The things I learned that day kept piling up, from the origins of Mediterranean cuisine to the cutting edge of culinary vocabulary. Even my computer has never heard of the word “culinarian.”
That didn’t stop the culinarians from preparing a sample banquet at the UC dining room featuring the cuisines of Spain and Southern France. The buffet table was about 50 feet long, loaded with vegetarian and non-vegetarian paella, rabbit salmorejo (true to rabbit form, it tasted like chicken), Provencal fava bean ragout (wow), bouillabaisse w/rouille (a vegetable and shellfish soup, and another wow), Catalonian spinach (with raisins and pine nuts…wow again), and much more.
When I got toward the end of the buffet table, my heart melted. There were two bowls of mayonnaise: one a garlic mayo called aioli, the other aioli with roasted red peppers blended in.

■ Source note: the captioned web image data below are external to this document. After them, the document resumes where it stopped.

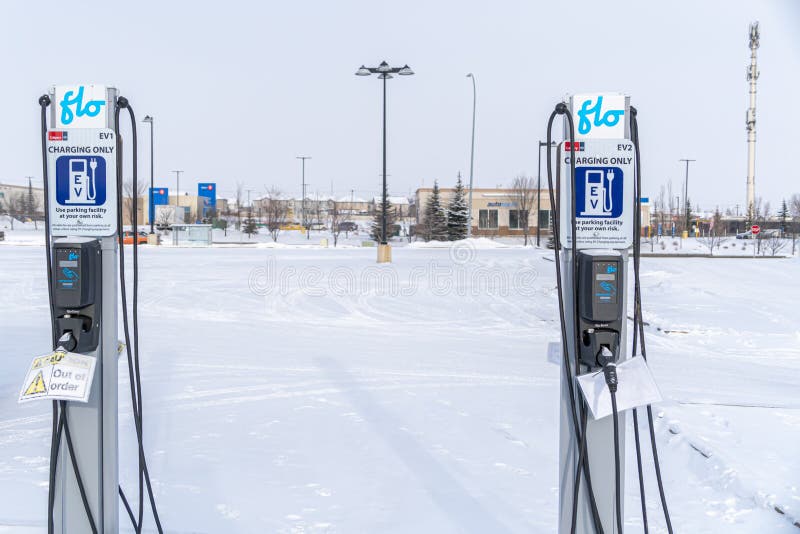 December 30 2021 Calgary Alberta Canada Electric Vehicle Charger in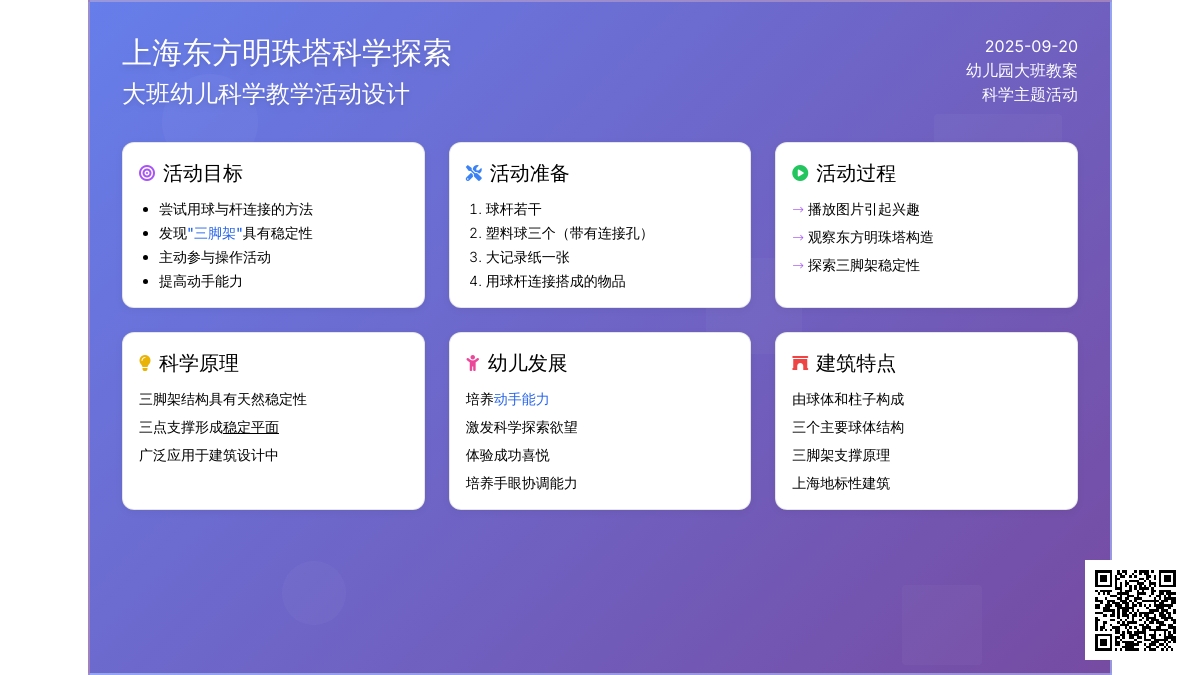 幼儿园大班教案《上海东方明珠塔》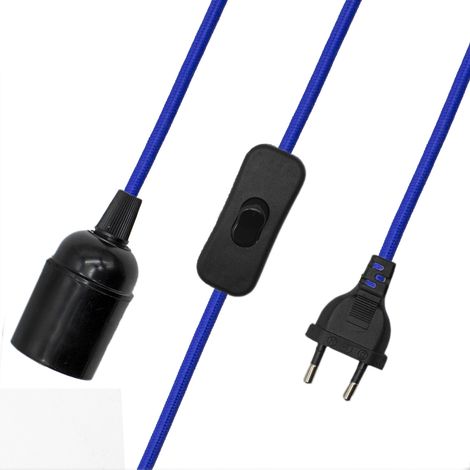 Cable alimentacion trenzado portalampara E27 interruptor 1.5 M Azul (1/5)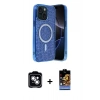 MARSİLYAN™- iPhone 14 Kılıf Eksen Çizgi - Siyah Buffer Hayalet Cam Ekran Koruyucu + PVD Metal Kamera Lens - GS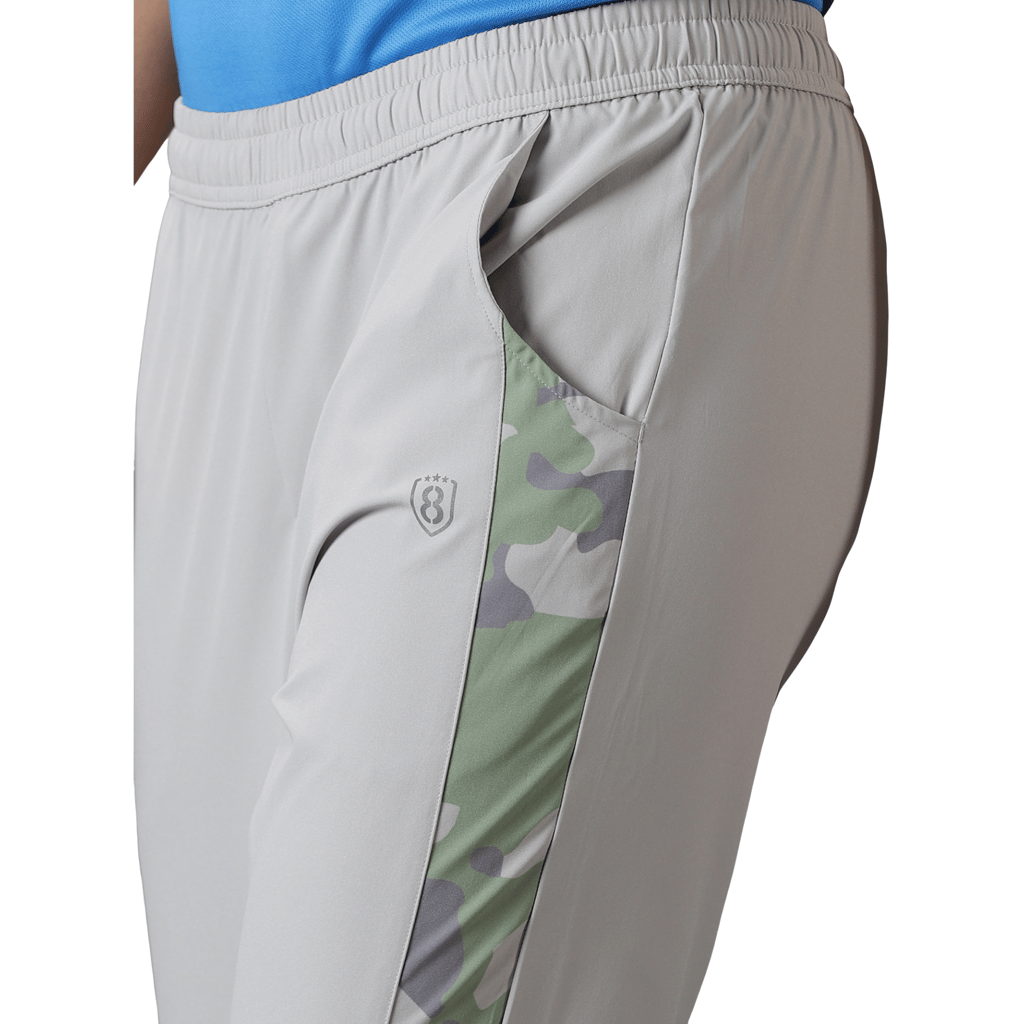 DOMIN8 Women's Drawstring waist Cut & Sew Training Camouflage Print Track Pants with Pockets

One of the best things about mayonnaise is that it tastes good on everything. To my right, UM Director of Dining Services Mark LoParco had a nice dollop in his bouillabaisse rouille. Across the table, DJ Al (from KISS Country’s Craig and Al show) had some on his cassoulet de Touluose. Sitting to my left, Jodi Rave and Mea Andrews from the Missoulian somehow abstained—none even upon the tortilla Espagnola!
Then came the ringer: chocolate pots de crème. This creamy baked pudding tasted exactly how one would want such a thing to taste: the flavor of dark, rich chocolate somehow undiluted by the rich cream. Thickened and emulsified with egg yolks, it reminded me of a baked chocolate mayonnaise.

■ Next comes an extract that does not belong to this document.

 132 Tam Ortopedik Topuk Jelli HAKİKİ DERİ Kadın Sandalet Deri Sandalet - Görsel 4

Tom Siegel gave me a recipe for this blissful crème, which I tested in the lab. It’s vegetarian, though hardly vegan. I recommend it served with coffee. For this one, a kitchen scale really helps, but I will also indicate approximate volumes. A thermometer helps as well. This recipe serves eight.
In a heavy pot or double boiler, slowly bring 2.5 cups milk (or cream, or a combination thereof) and 1 cup sugar to a boil. Stir in 10 ounces (2.5 cups) of dark or semisweet chocolate chips, and continue stirring until the mixture returns to a boil. Then kill the heat and allow to cool to 140 degrees.
Now preheat the oven to 350 degrees. Then separate the yolks from 10 eggs and whisk them together with one whole egg. When the chocolate has cooled, slowly whisk it into the eggs, a little at a time. If the eggs start to curdle, the chocolate is too hot!
Pour 4-ounce (3/4-cup) portions into cute little glass or ceramic cups. Place the cups in a baking pan with water deep enough to reach halfway up the cups. Bake 40 minutes at 350. Allow the cups to cool to room temperature. Then chill.
As you spoon it into your mouth, close your eyes and imagine yourself a Greek god or goddess, gazing down from your mountaintop shrine upon the blue water, the sheep herds, the fields of wheat, the olive groves and the vineyards. And if your vision is good enough, watch the Arab caravans marching their camels across the desert, delivering cacao beans from sub-Saharan Africa to the Mediterranean shores. Then take another spoonful of your chocolate pots de crème and decide not to throw any lightning bolts that day.